- [What you are asked to do] The answer must be the full listing, word for word, with no pictures in it.

╭─ Supplied records

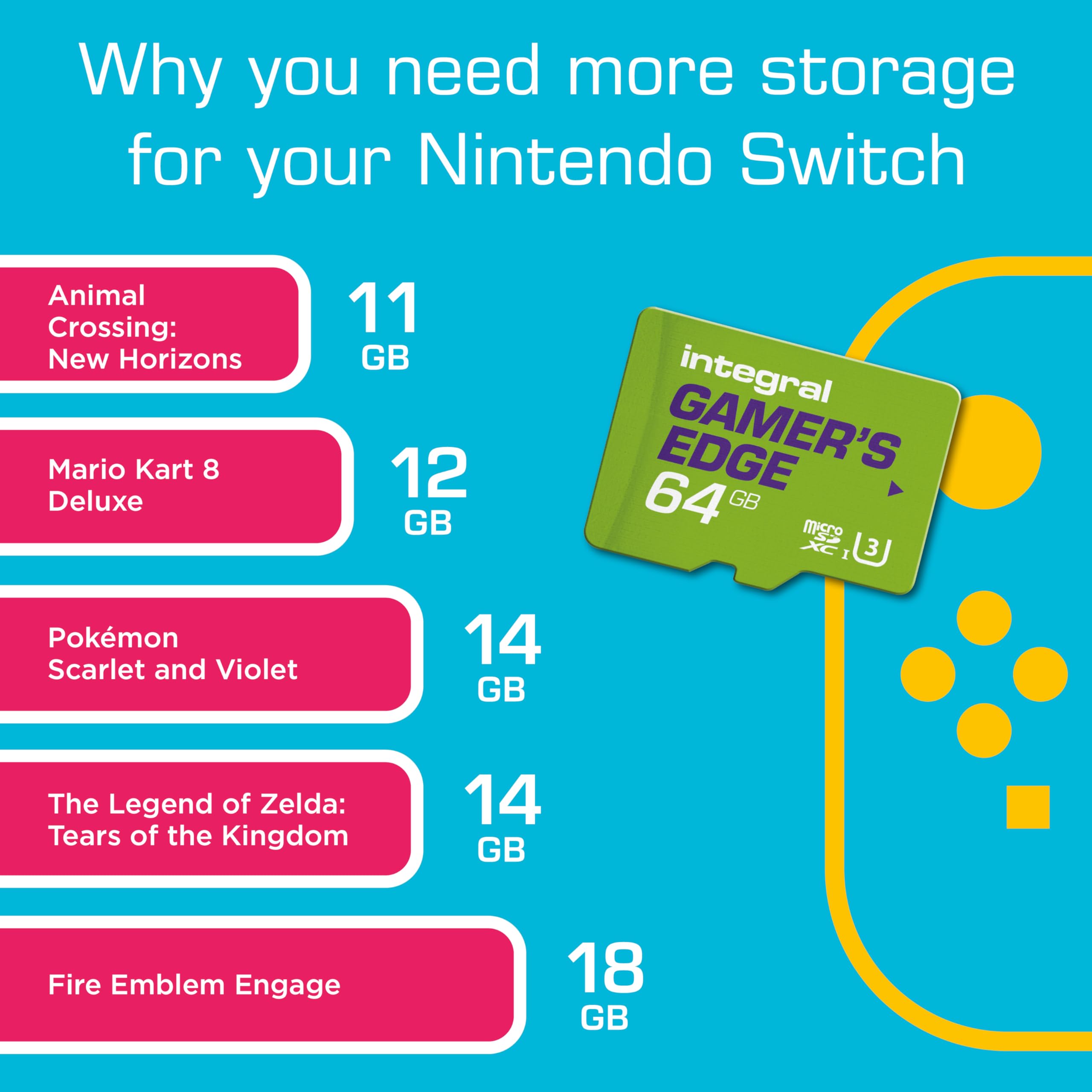 Integral 64GB Gamer's Edge Micro SD Card for Nintendo Switch – Fast Load & Save, U3, 100MB/s Read Speed 15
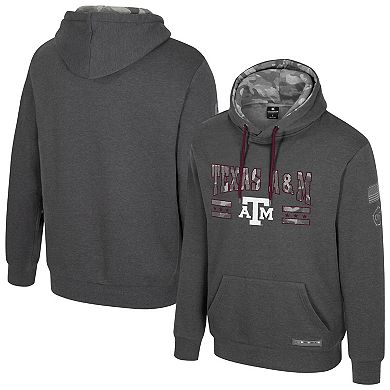 Men's Colosseum Heather Charcoal Texas A&M Aggies Operation Hat Trick Squad Hoodie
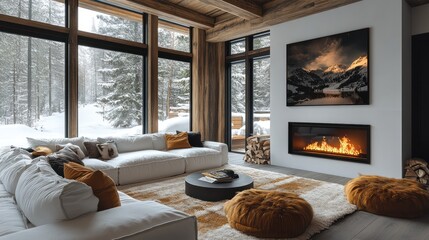 Cozy Winter Cabin Living Room with Stunning Mountain View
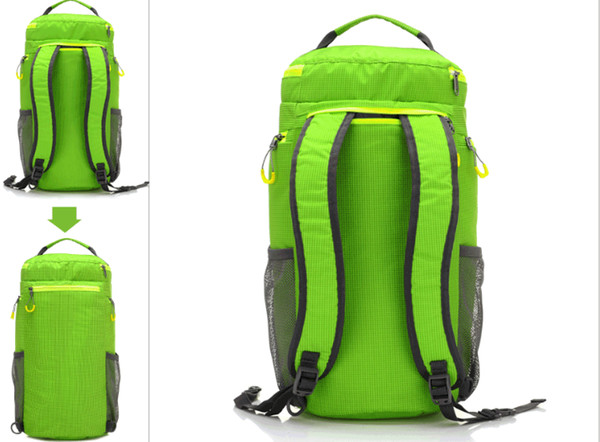 2018 new pure color sport outdoor. Waterproof nylon folding bag single shoulder / hand / shoulder multifunction folding bucket bag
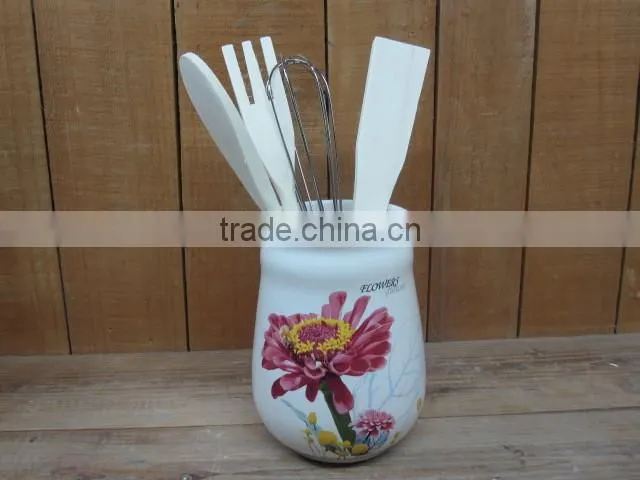 Set 3 Round Ceramic Plant /Flower Pot with Pallet Tray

╰─

- [Response box]
 Integral 64GB Gamer's Edge Micro SD Card for Nintendo Switch – Fast Load & Save, U3, 100MB/s Read Speed 15
 Men's Colosseum Heather Charcoal Texas A&M Aggies Operation Hat Trick Squad Hoodie
 Cozy Winter Cabin Living Room with Stunning Mountain View
 2018 new pure color sport outdoor. Waterproof nylon folding bag single shoulder / hand / shoulder multifunction folding bucket bag
 Set 3 Round Ceramic Plant /Flower Pot with Pallet Tray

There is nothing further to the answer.